┏━━

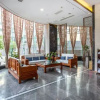 Отель Jintian Hotel (Qionglai Dingsheng Times Plaza), фото 10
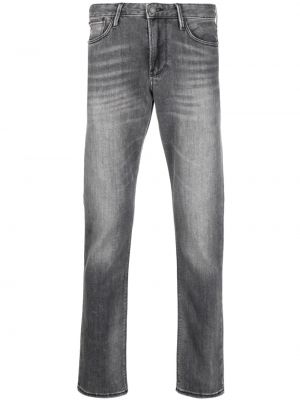 Jeans skinny slim Emporio Armani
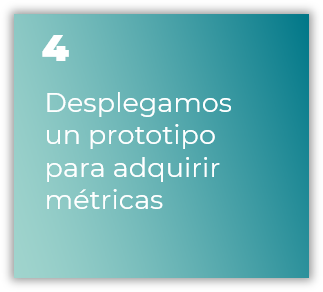 mv-soluciones-4
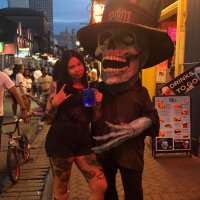 b (@curseoffeeling) 's Twitter Profile Photo b (@curseoffeeling) 's Twitter Profile Photo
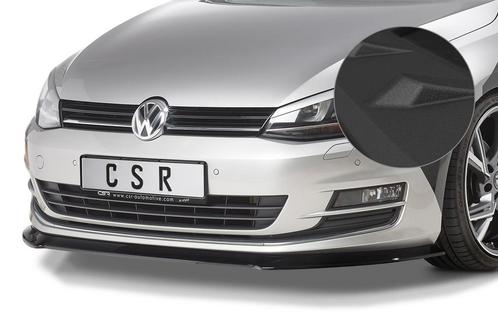 Cupspoiler voor VW Golf 7 CSL330-S, Auto-onderdelen, Carrosserie en Plaatwerk, Nieuw, Verzenden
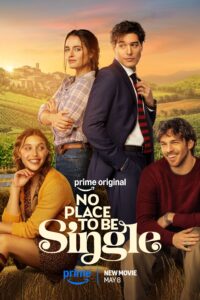 Kein Ort für Singles No Place to be Single Non è un paese per single Amazon Prime Video Streamen online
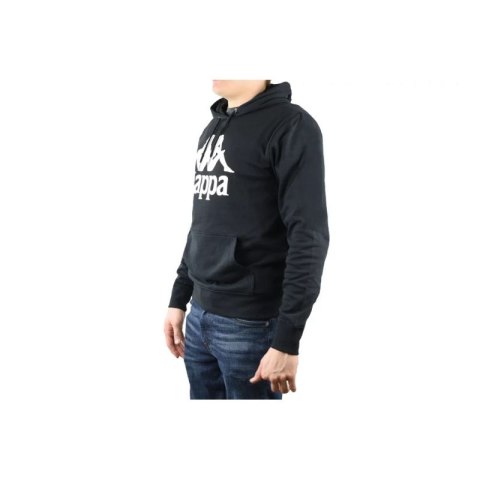 Bluza Kappa Taino Hooded M 705322-19-4006 Bluza Kappa Taino Hooded M 705322-19-4006
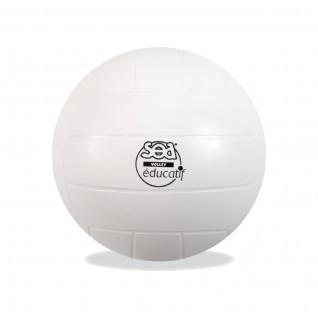 Ballon de Volleyball éducatif Sporti France Sea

┗━━

### Requirement
Repeat the records word for word and drop any pictures.

### Your solution
 Отель Jintian Hotel (Qionglai Dingsheng Times Plaza), фото 10
 Jeans skinny slim Emporio Armani
 mv-soluciones-4
 b (@curseoffeeling) 's Twitter Profile Photo b (@curseoffeeling) 's Twitter Profile Photo
 Cupspoiler voor VW Golf 7 CSL330-S, Auto-onderdelen, Carrosserie en Plaatwerk, Nieuw, Verzenden
 Kein Ort für Singles No Place to be Single Non è un paese per single Amazon Prime Video Streamen online
 Bluza Kappa Taino Hooded M 705322-19-4006 Bluza Kappa Taino Hooded M 705322-19-4006
 Ballon de Volleyball éducatif Sporti France Sea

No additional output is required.